# Fault Characterization Through FPGA Undervolting

Behzad Salami<sup>\*†</sup>, Osman Unsal<sup>\*</sup>, and Adrian Cristal<sup>\*†</sup>

\*Barcelona Supercomputing Center (BSC), Barcelona, Spain. Emails: {behzad.salami, osman.unsal, and adrian.cristal}@bsc.es

<sup>†</sup>Universitat Politcnica de Catalunya (UPC), Barcelona, Spain.

Abstract-The power and energy efficiency of Field Programmable Gate Arrays (FPGAs) are estimated to be up to 20X less than Application Specific Integrated Circuits (ASICs). What is needed to close this gap is aggressive power/energy savings techniques. A such potentially effective approach is undervolting, which can directly deliver an order of magnitude static and dynamic power savings.
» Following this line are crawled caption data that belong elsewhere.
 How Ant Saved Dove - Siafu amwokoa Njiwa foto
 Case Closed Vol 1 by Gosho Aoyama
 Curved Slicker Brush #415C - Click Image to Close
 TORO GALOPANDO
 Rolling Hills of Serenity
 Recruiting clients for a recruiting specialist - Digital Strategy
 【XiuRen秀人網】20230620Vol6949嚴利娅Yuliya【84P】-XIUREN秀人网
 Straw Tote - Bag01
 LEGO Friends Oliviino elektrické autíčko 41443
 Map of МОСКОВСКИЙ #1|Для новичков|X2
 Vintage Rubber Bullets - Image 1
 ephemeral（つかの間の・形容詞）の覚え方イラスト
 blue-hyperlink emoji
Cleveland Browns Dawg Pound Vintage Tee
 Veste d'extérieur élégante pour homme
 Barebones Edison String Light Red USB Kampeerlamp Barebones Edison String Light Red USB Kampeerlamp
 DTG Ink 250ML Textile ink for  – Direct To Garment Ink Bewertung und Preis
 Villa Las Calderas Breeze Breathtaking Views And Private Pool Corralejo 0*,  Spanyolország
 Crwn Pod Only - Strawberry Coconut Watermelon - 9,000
However, aggressive undervolting, without accompanying frequency scaling leads to timing related faults, potentially undermining the power savings. Understanding the behavior of these faults and efficiently mitigate them can deliver further power and energy savings in low-voltage designs without performance degradation. In this paper, we conduct a detailed analysis of undervolting FPGA BRAM structures. Through experimental analysis, we found that lowering the supply voltage until a certain conservative level,  $V_{min}$ , does not introduce any observable fault. For the studied platforms, we measured this voltage guardband gap 39% of the nominal level ( $V_{nom} = 1V$ ,  $V_{min} = 0.61V$ ). Further undervolting corrupts some of the data bits stored in BRAMs; however, it also reduces the BRAMs power consumption a further 40%. When the voltage is lowered below  $V_{min}$ , the rate of these faults exponentially increases to 0.06%, by a fully non-uniform distribution over various BRAMs. This paper comprehensively analyzes the behavior of these faults.

#### I. INTRODUCTION

Undervolting is a technique to decrease the supply voltage below the nominal level in order to save power and energy. Unlike Dynamic Voltage and Frequency Scaling (DVFS) [1] [2], the frequency is not scaled down in undervolting, so energy savings can be potentially significant. However, decreasing the voltage while keeping the frequency constant leads to timing related faults, which can cause applications to crash or terminate with wrong results. The severity of these faults depends on the fault rate, the fault location as well as on application characteristics. Therefore, characterization of these undervolting faults and understanding their behavior is critical to mitigate their impact. Although, there have been some previous undervolting works on CPUs [3], Graphic Processor Units (GPUs) [4], and Dynamic RAM (DRAM) memories [5], there are no "deep-dive" undervolting fault characterization studies due to the relatively closed nature of these hardware substrates where the vendors expose few details. In comparison, the relatively open Field Programmable Gate Array (FPGA) architectures make it possible to conduct and report such detailed studies. However, to the best of our knowledge, such studies have not been thoroughly undertaken for FPGAs. Hence, the main contributions of this paper is extensively characterizing the behavior of faults, when commercial-FPGA BRAMs are aggressively undervolted. In this contribution, we target the FPGA on-chip Block RAM (BRAM) structures

and report the most comprehensive experimental findings on undervolting using real hardware to date. We highlight three significant findings: First, we find that a significant voltage guardbanding of 39% exists below the nominal voltage level  $(V_{nom} = 1V, V_{min} = 0.61V)$  before faults start to occur for BRAM structures, which in turn leads to an order of magnitude power savings. Furthermore, we observe that the fault rate exponentially increases by further undervolting to a somewhat moderate 0.06% before the FPGA fails. Second, we find that the BRAM undervolting fault rate decreases at higher environmental temperatures; thus experimentally verifying the Inverse Temperature Dependence (ITD) [6]. ITD states that in undervolted nanometer technology nodes, the propagation delay is reduced in higher temperature environments that in turn, leads to a lower fault rate. This is significant since applying thermal stress would reduce the undervolting fault rate and thus also lowering the energy cost of fault mitigation.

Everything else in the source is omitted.